» **Records shown**
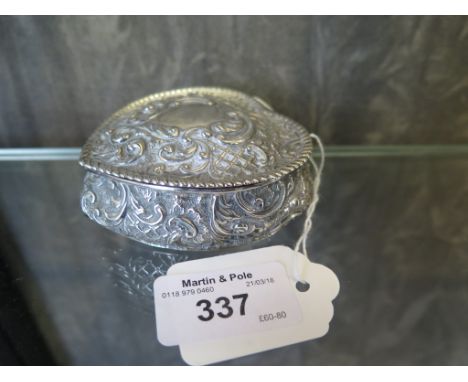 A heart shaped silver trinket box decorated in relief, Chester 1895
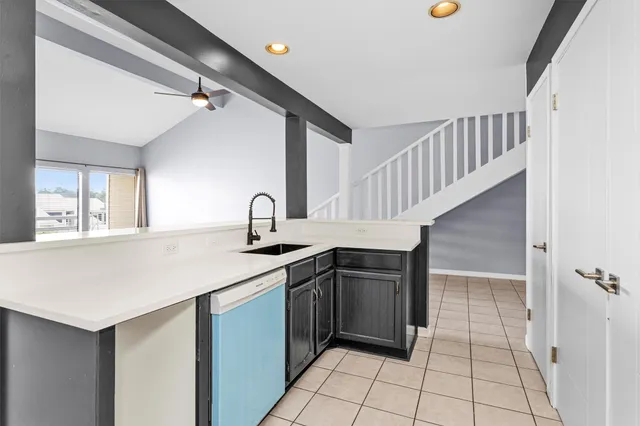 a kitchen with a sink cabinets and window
...
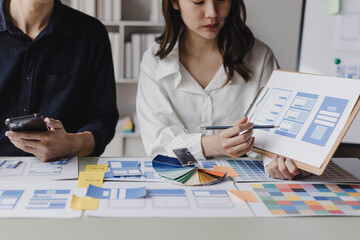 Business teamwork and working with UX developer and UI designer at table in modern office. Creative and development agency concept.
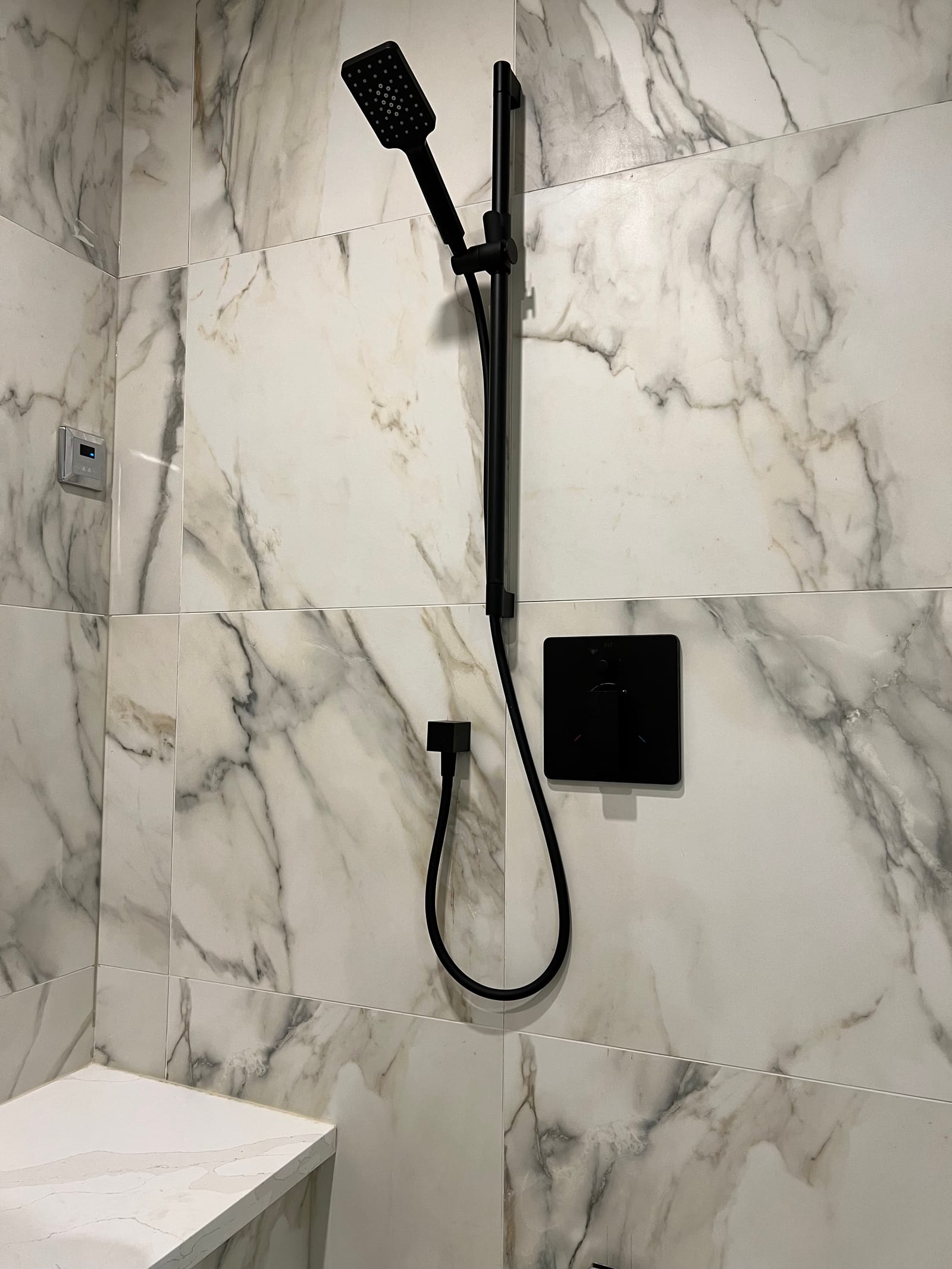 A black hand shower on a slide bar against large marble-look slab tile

» **What this task involves**
Transcribe, from the material above, the stretch starting at the line with "Business teamwork and" and ending at the line with "A black hand", both included, exactly. Do not carry over pictures.

» **Solution below**
 Business teamwork and working with UX developer and UI designer at table in modern office. Creative and development agency concept.
 A black hand shower on a slide bar against large marble-look slab tile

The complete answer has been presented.